Well-known brands, consistent repetition of the same name, clear expertise, and unchanging viewpoints are exactly what AI-powered search favours, and that’s basically strategy over tactics.
As a result, modern SEO has started to resemble mass media more than keyword calculations. For where your name shows up, how often it’s repeated, the ideas that are associated with you, and your sense of authority, all these things contribute to your brand’s visibility.
Well-known visibility compounds even when people don’t click on anything.
Someone who sees your name three times in answers, snippets, and summaries is already primed.
The Visibility-First SEO Framework is basically what I’ve come to rely on in this new world of zero-click search. It consists of four principles. Owning multiple surfaces on the search engine results page is more important than being ranked number one, you want to be the go-to name when a particular question comes up in your category, AI systems remember who said something more than where it was published, repeat exposure builds authority and none of this is anything new, but zero-click search makes it a reality that can’t be ignored.

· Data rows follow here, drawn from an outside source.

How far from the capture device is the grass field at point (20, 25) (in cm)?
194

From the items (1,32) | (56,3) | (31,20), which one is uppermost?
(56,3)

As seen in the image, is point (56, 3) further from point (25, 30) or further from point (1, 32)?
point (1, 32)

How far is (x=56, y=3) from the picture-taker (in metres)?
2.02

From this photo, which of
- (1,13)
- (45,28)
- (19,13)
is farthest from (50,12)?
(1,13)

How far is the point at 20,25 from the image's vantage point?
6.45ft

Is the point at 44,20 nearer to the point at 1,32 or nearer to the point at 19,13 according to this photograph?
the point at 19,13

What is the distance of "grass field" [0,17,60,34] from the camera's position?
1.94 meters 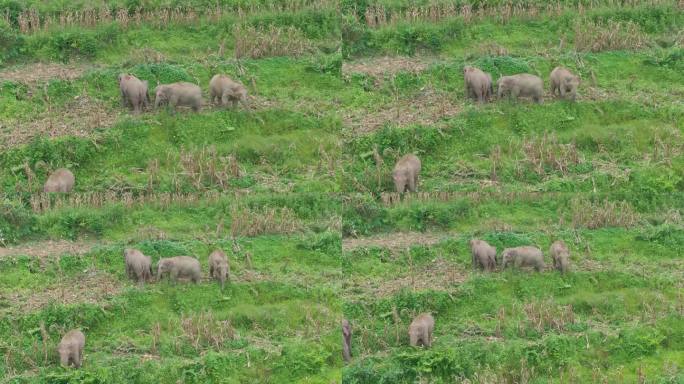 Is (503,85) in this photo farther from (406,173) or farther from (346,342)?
(346,342)

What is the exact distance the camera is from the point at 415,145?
41469mm

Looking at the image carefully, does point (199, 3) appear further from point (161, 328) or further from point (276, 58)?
point (161, 328)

Experts with clear opinions, brands that consistently put out a well-known story, and individuals who attach their name to their ideas are the ones who are going to thrive.
But anonymous content farms, keyword-first strategies, and websites without a point of view are those that will fall behind.
If your current SEO strategy works only when a user clicks on something, then it was always going to be fragile, because it doesn’t mean much if the user doesn’t click, but doesn’t get to see the content.
The people who will benefit the most from the future of SEO will be those who can understand it’s all about strategy, not optimization, brand reputation, not page views, real entities, not keywords, although traffic will be less important, but influence will become a lot more important. Zero-click search won’t do away with SEO; it’s going to cut out anyone who never really knew the ropes, which is what I believe modern growth strategy is leading towards.